How do you stop the recklessness of selfish, divorced parents and splitting couples, who afflict misery on their children, in an effort to gain a groundless advantage over a former mate? Are you raising a psychologically broken child to satisfy your own illogical passion to be the winner in a failed relationship battle?
Gather your foolhardy power by dividing property or selling off assets; but leave the children out of your conflict. Children need nurturing and support; they do not deserve you holding them captive for emotional ransom from an ex.
A child caught in the crossfire of a couple’s strife is nothing new. This dark disorder plays out in households across the world on a daily basis. It is not earth-shattering news by any means. Why has it gone on for so long without resolve, though? Who can break this intimidating behavior model for the children? Their parents can…that is who!
I have witnessed frightening conduct on the part of couples whose relationship has failed. The crime is not the disastrous relationship itself. The crime is the manner in which children end up helplessly dragged into the adult’s mêlée. There is simply no excuse on the parent’s part.
Some of the nasty conduct couple’s involve innocent kids in includes putting the other parent down, making them look bad in the child’s eyes, fighting, and airing all their differences of the botched relationship, in the presence of their children. The absolute worst offense in my opinion, however, is keeping a child from spending time with the other parent.

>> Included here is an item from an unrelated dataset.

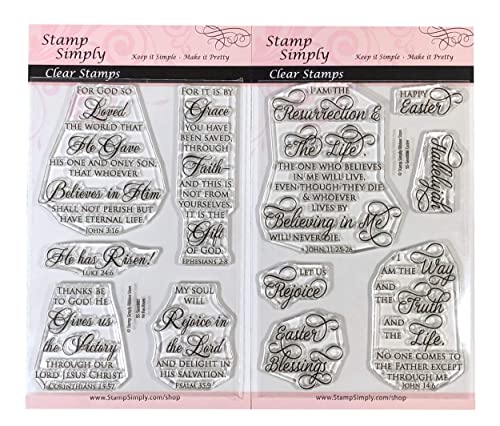 Stamp Simply Clear Stamps Easter Scripture Christian Religious (2-Pack) 4X6 Inch Sheets - 11 Pieces #TOP1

Many estranged couples take a child or children and disappear. They end up living life on the run and looking over their shoulder at every turn. Children are not your “property” and there are laws to protect them from this sad scenario. How does a parent rationalize that life on the run is acceptable and responsible behavior? What do you think this does to a child mentally?
This crazy behavior scares a child to death and does not comfort or support them. It is every child’s birthright, to expect solace and reinforcement from his or her parents, no matter what drama the parents are experiencing in their own life.
The worst part of these ignorant situations is the fact that many children end up blaming themselves for the adult’s difficulties. Grown-ups (supposedly) fighting and keeping a child from seeing the other parent, puzzle a child. How can a parent honestly think it is OK to let a child feel this way? It is not OK!
The saddest part for children, involuntarily stuck in the impasse between shattered couples, is time wasted and time lost, which they can never get back with a mother or a father. End your tattered relationship, but do not shatter your children’s lives any more than they already are. Children should be whole and happy…not broken and out of order.